THAILAND’S FIRST execution in nine years has sparked public debate on the death penalty, which retains strong support among most Thais despite concerns raised by academics and activists about human rights violations and its effectiveness as a deterrent.
The question of whether Thailand should abolish the severe punishment for good erupted once again yesterday, after the Corrections Department on Monday executed a convict for the first time since 2009. Human rights organisations harshly condemned Thailand’s resumption of executions, while others leapt to the defence of the authorities, insisting the punishment helped prevent serious crimes.
Thirasak, a 26-year-old convicted of premeditated murder, was the first prisoner to be killed by lethal injection since August 24, 2009.
The announcement of his execution prompted four prominent rights defenders – including the UN High Commissioner for Human Rights, International Federation for Human Rights, and Cross Culture Foundation – to release statements condemning judicial killing and urging the Thai government to respect the human rights principles and abolish the death sentence by law.
Amnesty International was the first to come out in protest, stressing that Thailand had shamefully resumed executions just one year short of the 10-year period that confers de facto abolition of the death penalty on a country.
Amnesty’s Thailand Campaigner Katherine Gerson said that the execution represented a major setback in the country’s effort towards abolition of capital punishment and placed a dark stain on its human rights record.
“This is a deplorable violation of the right to life. Thailand is shockingly reneging on its own commitment to move towards abolition of the death penalty and the protection of the right to life, and is also putting itself out of step with the current global shift away from capital punishment,” Gerson said.
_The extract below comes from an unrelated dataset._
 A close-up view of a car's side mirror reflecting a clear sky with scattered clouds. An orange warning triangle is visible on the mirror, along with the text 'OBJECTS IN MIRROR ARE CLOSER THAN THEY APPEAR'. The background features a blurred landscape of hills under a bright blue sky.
“The Thai government must immediately halt any plans to carry out further executions and immediately establish a moratorium on the implementation of the death penalty as a first step towards its abolition.”
According to the third national human rights master plan on the justice system for 2014 to 2018, Thailand has a road map to suspend all executions in the country by 2014, amend the Criminal Code to legally abolish the death penalty by 2017, and ratify the Second Optional Protocol to the ICCPR by this year.
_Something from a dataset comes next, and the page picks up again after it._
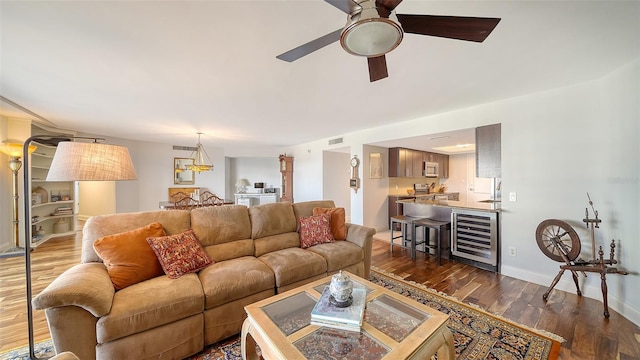 living room featuring wine cooler, ceiling fan, and dark wood-type flooring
Nevertheless many Thai people think otherwise, judging by the comment section of Amnesty International Thailand’s Facebook page. It was bombarded with comments from Thai netizens showing their support for retaining death as a penalty and rebuking the human rights defenders for protecting “evil criminals”.
A poll created by celebrated Thai Facebook fanpage “Drama Addict” also showed mass public support for the execution of criminals, with 96 per cent of 78,000 online voters approving the continuous enforcement of death sentences.
Prime Minister General Prayut Chan-o-cha added his voice to support of the death penalty, claiming it was essential to keeping law and order, and also that the majority of Thais agree with the punishment.
Nevertheless, Pol Lt-Colonel Jomdej Trimek, a lecturer at Rangsit University’s Institute of Criminology and Criminal Justice Administration, cautioned that despite the public satisfaction brought by severe and swift punishment, the death penalty also had adverse side effects.
“What can we do if later we find out that an executed prisoner was innocent after all. The justice system can be in error,” Jomdej pointed out.
“Moreover, crimes tend to be more severe and even more lethal if we punish criminals with death sentences, since that punishment boosts motivation to kill victims to conceal their crimes.”